PROBLEM:
Give back the whole listing exactly as it is written.

DATA BLOCK:
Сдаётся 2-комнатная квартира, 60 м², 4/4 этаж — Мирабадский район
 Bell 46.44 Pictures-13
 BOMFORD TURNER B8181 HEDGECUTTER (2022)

THE COMPLETED TASK:
Сдаётся 2-комнатная квартира, 60 м², 4/4 этаж — Мирабадский район
 Bell 46.44 Pictures-13
 BOMFORD TURNER B8181 HEDGECUTTER (2022)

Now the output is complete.